Greenspan: Strong GSE Oversight Wouldn't Hurt Borrowers Tuesday February 11, 2:40 pm ET

WASHINGTON -(Dow Jones)- Federal Reserve Chairman Alan Greenspan told lawmakers Tuesday that proposals in Washington to beef up the oversight of Fannie Mae and Freddie Mac wouldn't significantly effect mortgage rates.

Greenspan, who was testifying before the Senate Banking Committee, was responding to a question from Sen. John Sununu, R-N.H., asking whether the Fed chairman supported Securities and Exchange Commission oversight of or involvement in Fannie and Freddie. The companies were created by congress decades ago and given special perks as government-sponsored enterprises, or GSEs.

Lawmakers in the House have advocated for legislation that would completely repeal the companies' many exemptions from federal securities laws.

Greenspan said, "these are legally private corporations and should be handled the way private corporations are handled."

Although Greenspan wouldn't comment on specific legislative or regulatory proposals, critics took his comments as an endorsement of the House bill, which is sponsored by Reps. Christopher Shays, R-Conn., and Edward Markey, D-Mass.

"To us (Greenspan's testimony) calls for the basic question as to why they are treated differently to begin with," said Mike House, executive director of FM Watch, a coalition of competing mortgage finance companies.

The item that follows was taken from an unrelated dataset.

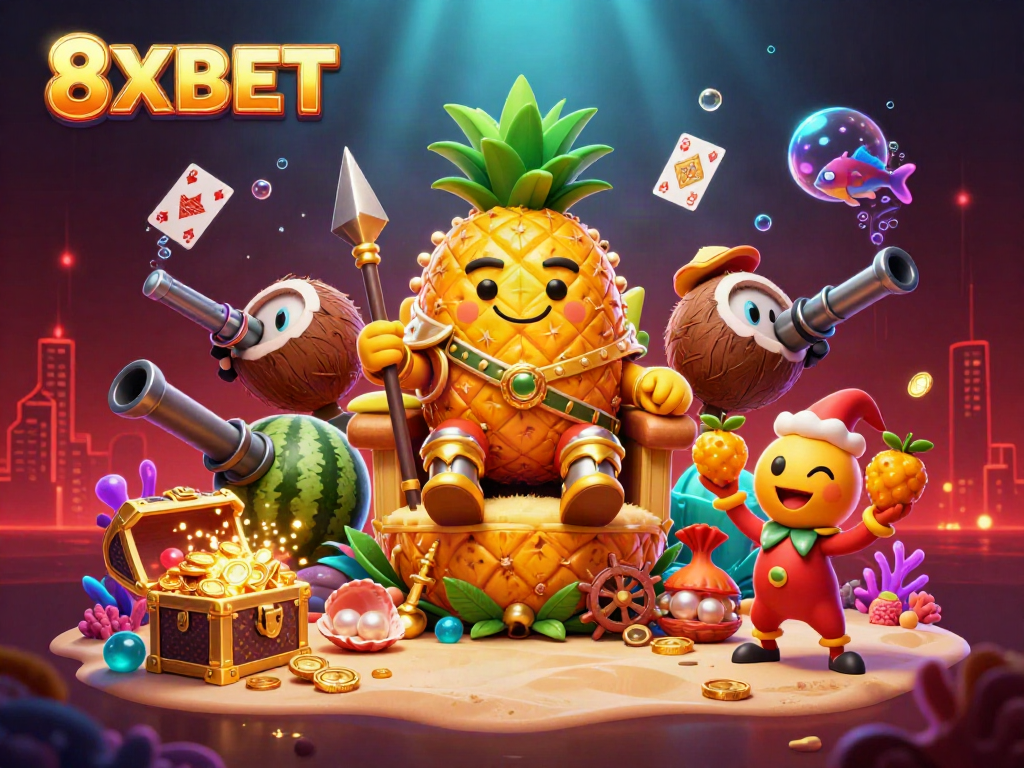 Experience vibrant gameplay with 8XBET's whimsical casino scene featuring a golden pineapple king and treasure explosions.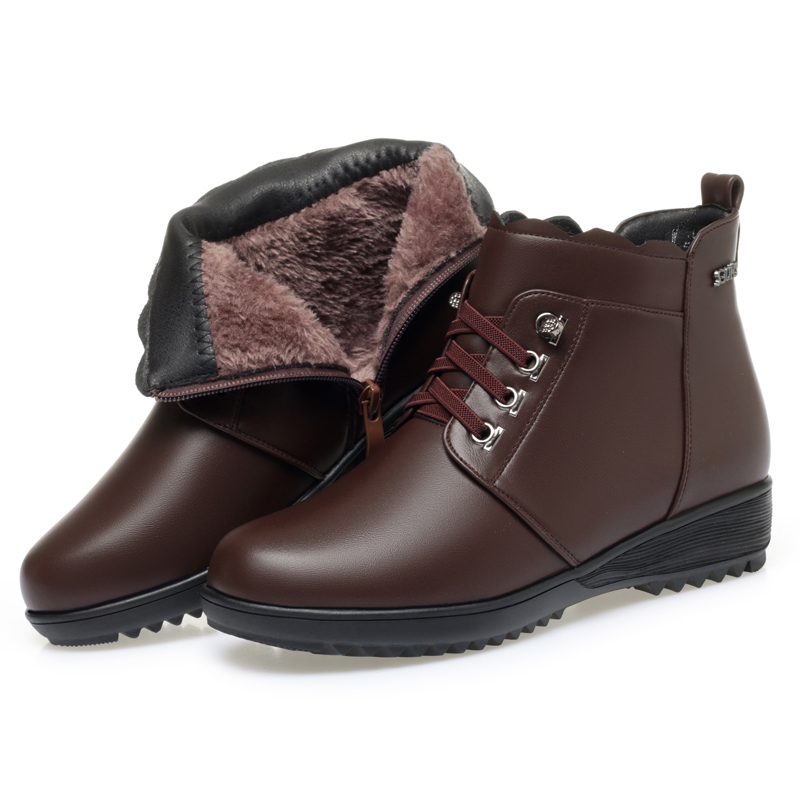 AIYUQI Women Winter Boots Genuine Leather 2024 New Lace-up Women Wool Boots Non-slip Plus Size Women Snow Boots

Fannie and Freddie agreed in July to give up some of their federal perks and begin registering their common stock and filing financial disclosures with the SEC early this year. They additionally agreed this month to enhance their mortgage-backed securities disclosures as recommended in a report released last week by the SEC, Treasury Department and Office of Federal Housing Enterprise Oversight.

However, Greenspan said that the companies' effect on mortgage rates is negligible enough that any change or increase in their oversight wouldn't significantly impact mortgage rates or the secondary markets. The companies had vehemently fought increased SEC oversight on the grounds that it was a "tax on home ownership."

Greenspan reiterated his stance that Wall Street's presumption that the federal government would bail out either company in a crisis "effectively enables them to sell mortgages at a number of basis points below what the market would otherwise be."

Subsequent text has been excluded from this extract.